Recorded data section start

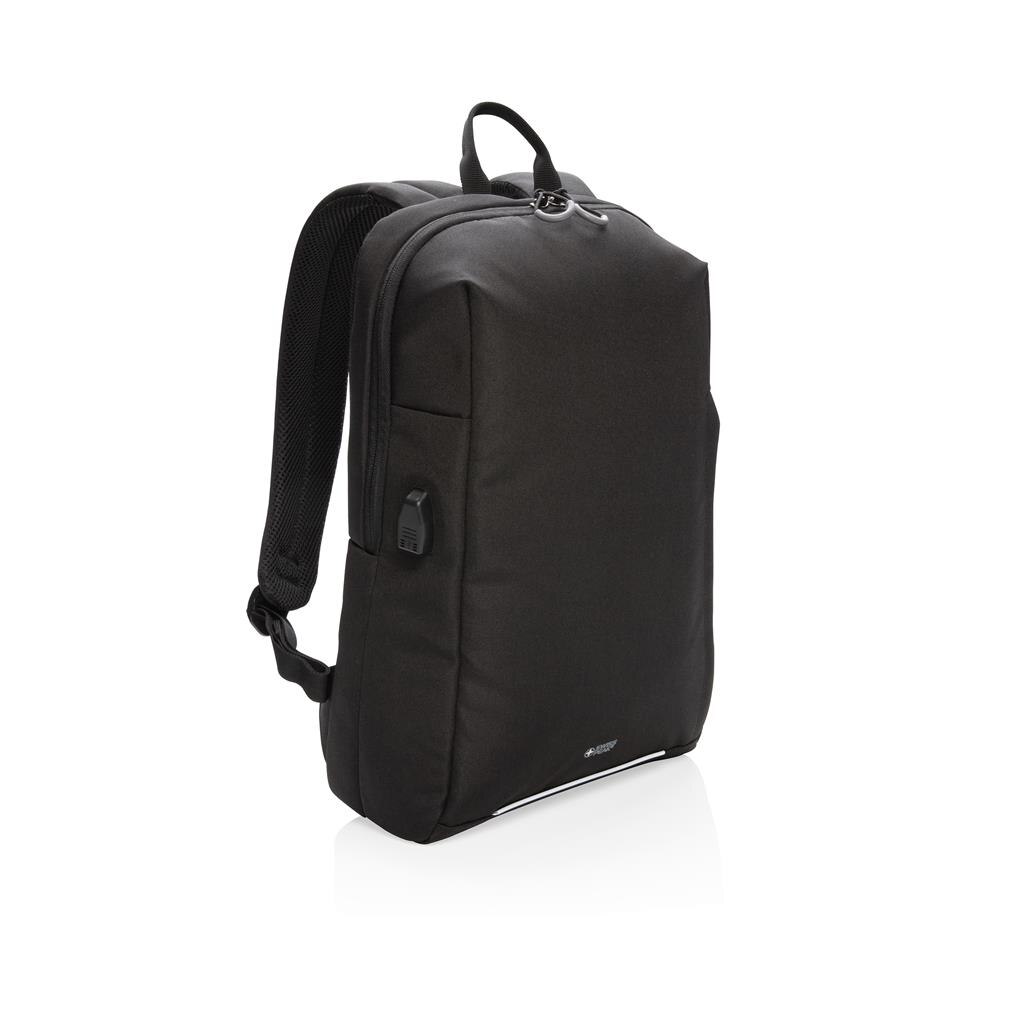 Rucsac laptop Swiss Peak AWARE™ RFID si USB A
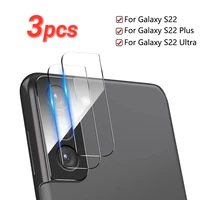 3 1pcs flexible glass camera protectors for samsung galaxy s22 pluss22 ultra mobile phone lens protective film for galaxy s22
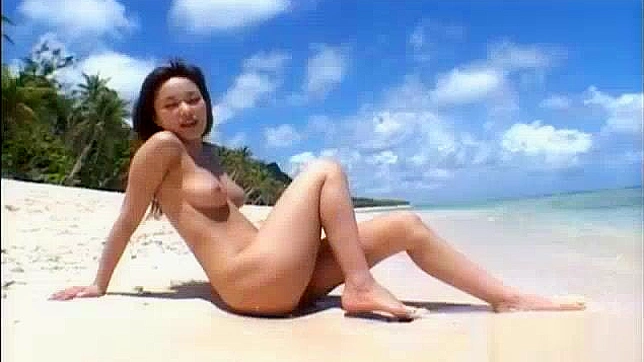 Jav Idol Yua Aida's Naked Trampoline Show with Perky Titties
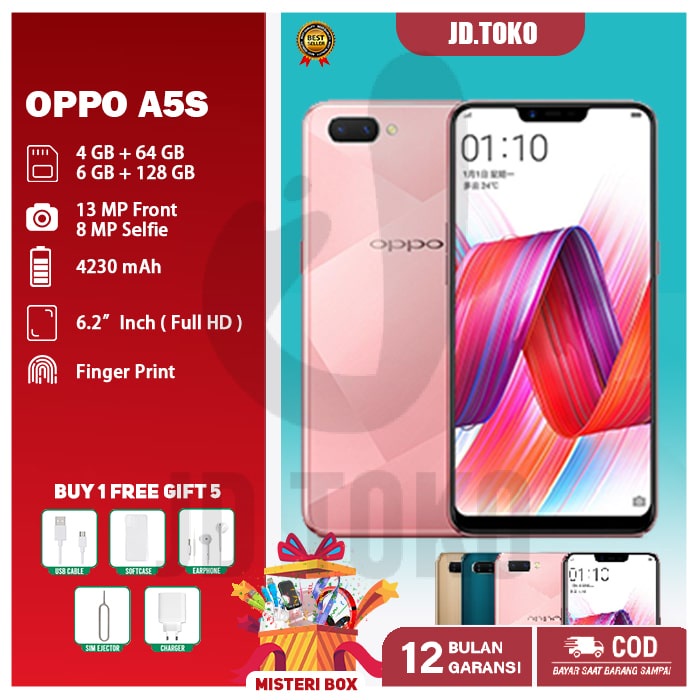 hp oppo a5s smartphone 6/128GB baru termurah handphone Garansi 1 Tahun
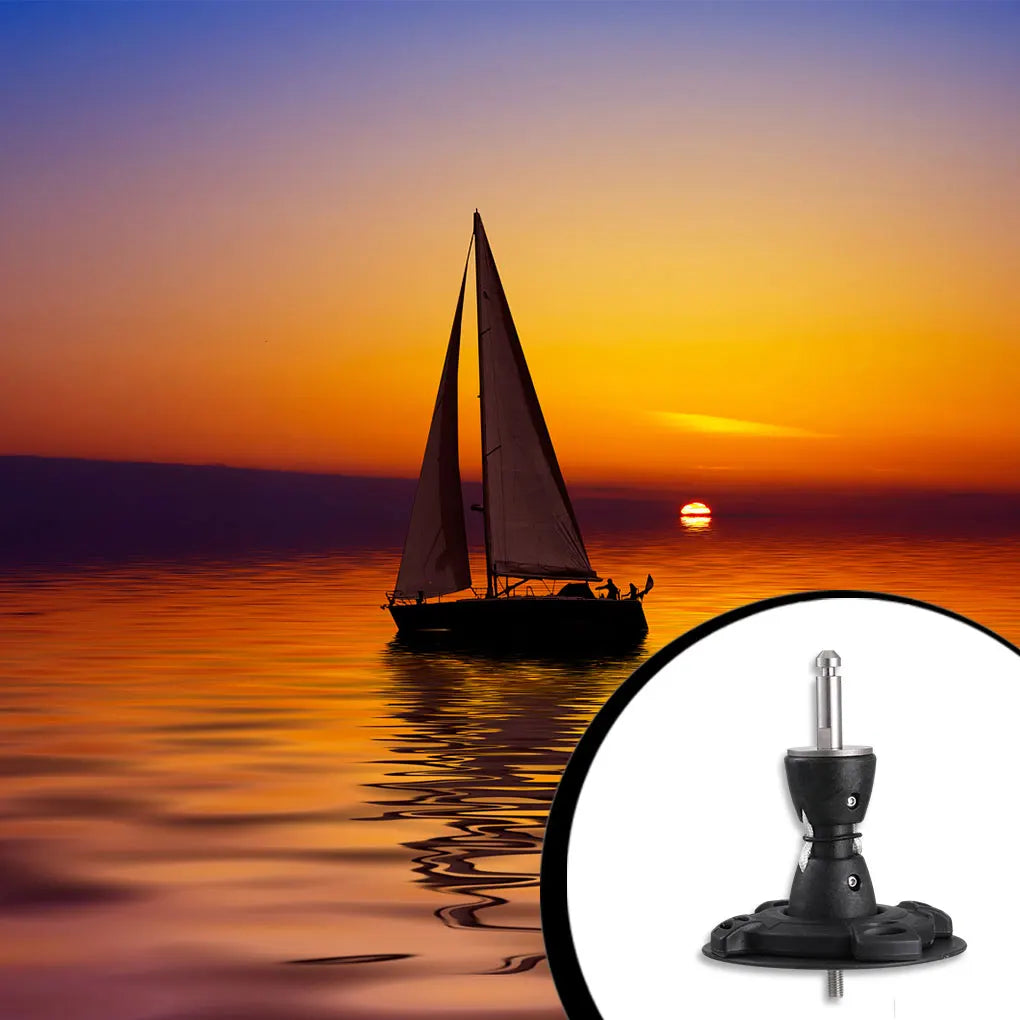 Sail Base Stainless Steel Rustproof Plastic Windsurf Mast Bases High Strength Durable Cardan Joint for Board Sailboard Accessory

Recorded data section end

- Exercise description -
An exact copy of the listing above is to be set down, with no pictures in it.

- Result of the task -
 Rucsac laptop Swiss Peak AWARE™ RFID si USB A
 3 1pcs flexible glass camera protectors for samsung galaxy s22 pluss22 ultra mobile phone lens protective film for galaxy s22
 Jav Idol Yua Aida's Naked Trampoline Show with Perky Titties
 hp oppo a5s smartphone 6/128GB baru termurah handphone Garansi 1 Tahun
 Sail Base Stainless Steel Rustproof Plastic Windsurf Mast Bases High Strength Durable Cardan Joint for Board Sailboard Accessory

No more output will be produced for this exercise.